Yakın tarihte “31 Mart Vak‘ası malûm. “Din” eksenli ayaklanma çıkmış, Selanik’ten gelen Hareket Ordusu bu isyanı bastırmıştı. Hareket Ordusu’nun kurmay başkanı da Enver Bey’di. (Tarihin cilvesi... Hareket Ordusu’nun kurmay başkanı Mustafa Kemal Bey’di. Enver Bey, ordu İstanbul’a yaklaştığında Berlin’den gelip Mustafa Kemal’in elinden kurmay başkanlığını aldı. Bu yüzden araları hiç iyi değildi.)

Enver Bey’in Kafkaslar’a gönderdiği ordunun adının “İslâm Ordusu” olduğunu hatırlatırım. Son ana kadar da İslâm birliği için çalışmıştı. (İslâm İhtilâl Cemiyetleri İttihadı’nı, kurmuş Livâ el-İslâm, dergisine destek vermişti.) Bunlara sonra gireriz.

Mahmud Sadık’ın, Padişah/Halife Abdülhamit’in de sonunu getiren, o zamanki deyişle “31 Mart Ayaklanması”yla ilgi son cümleleri:

“İşte sahâif-i tarih! İşte İstanbul’daki son sahne!

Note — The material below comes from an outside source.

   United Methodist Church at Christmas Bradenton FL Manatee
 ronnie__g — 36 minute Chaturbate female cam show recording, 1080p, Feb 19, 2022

Mahiyet bir. İstibdat, son bir hareket-i ric‘iyeyi tecrübe için en mukaddes hissiyâtı tehyîc eylemekten, galeyâna getirmekten, zulüm ve i‘tisâfı tel‘în eden dinî fesat ve fitneye, tervîc-i âmâl-i istib­dâdiyeye ve istihsâl-i menâfi-i şahsiyyeye âlet etmekten çekinmez, -birkaç asırlık tarihten kaç misal istenilirse gösterilebilir- yine çekinmemiştir.” (Mahmud Sadık, “Din ve İstibdâd”, Resimli Kitap, C. II, S. 7, Nisan 1325 [Nisan 1909])

Tekrar tekrar söylüyorum... Halifelik İslâmın rüknü değildir!